| ACTIVITY |
Would you please transcribe the data in full and exactly, excluding images?

___ SOURCE DATA ___

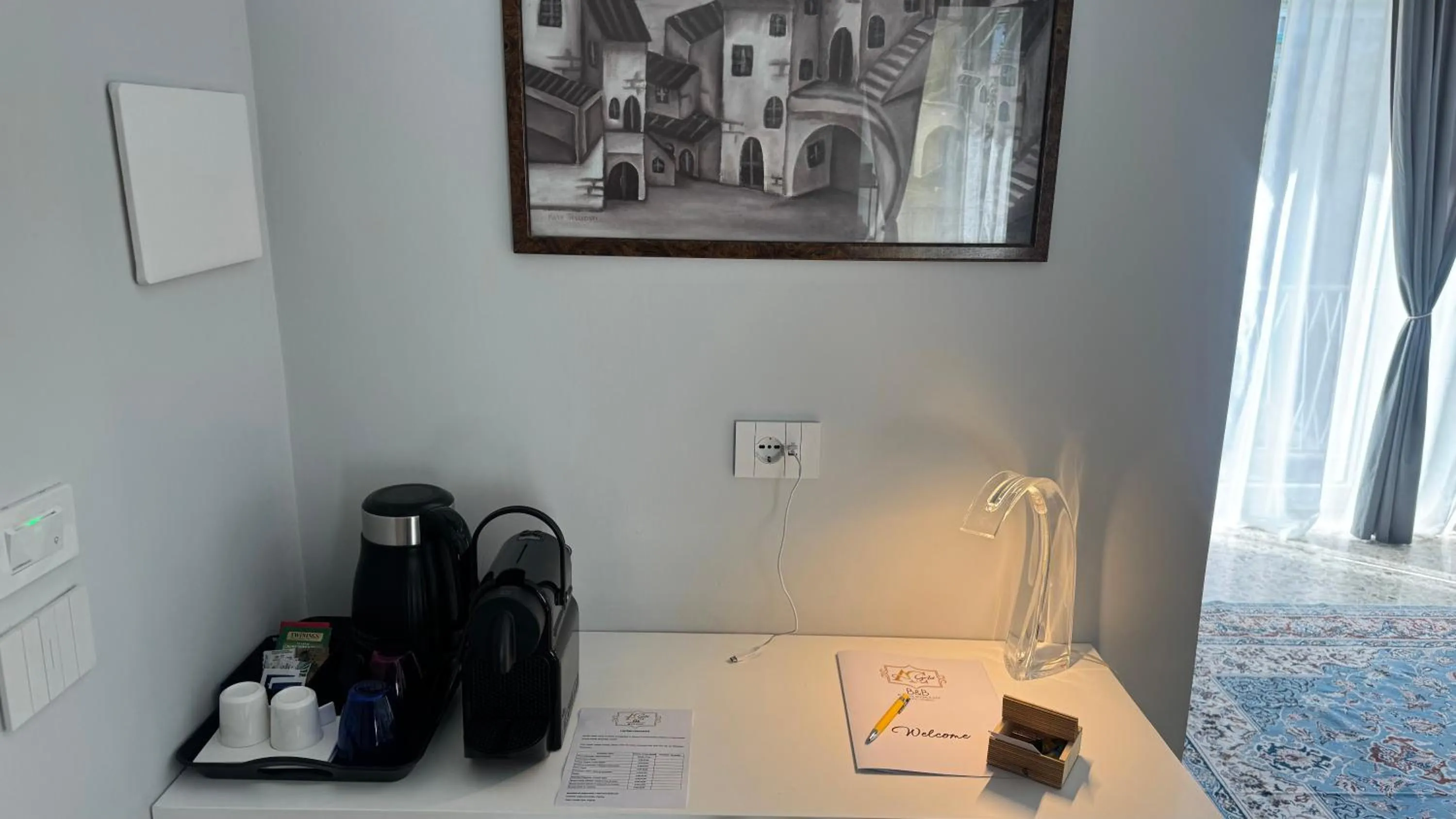 Coffee/tea facilities in AC GOLD B&B Boutique Rooms & Suite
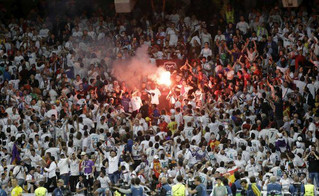 Real Madrid's supporters celebrate as Gareth Bale scoring his side's 2nd goal during the Champions League Final soccer match between Real Madrid and Liverpool at the Olimpiyskiy Stadium in Kiev, Ukraine, Saturday, May 26, 2018. (AP Photo/Matthias Schrader)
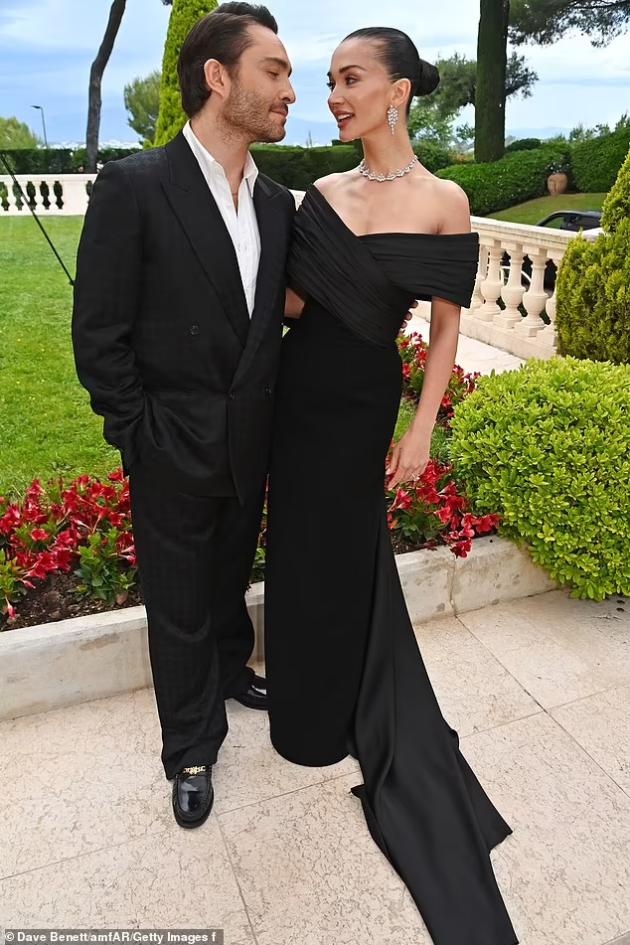 najubavite-i-najvljubenite-parovi-na-amfar-gala-2025-vo-kan-se-baknuvaat-i-razmenuvaat-nezhnosti-16.jpg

___

| TASK ANSWER |
 Coffee/tea facilities in AC GOLD B&B Boutique Rooms & Suite
 Real Madrid's supporters celebrate as Gareth Bale scoring his side's 2nd goal during the Champions League Final soccer match between Real Madrid and Liverpool at the Olimpiyskiy Stadium in Kiev, Ukraine, Saturday, May 26, 2018. (AP Photo/Matthias Schrader)
 najubavite-i-najvljubenite-parovi-na-amfar-gala-2025-vo-kan-se-baknuvaat-i-razmenuvaat-nezhnosti-16.jpg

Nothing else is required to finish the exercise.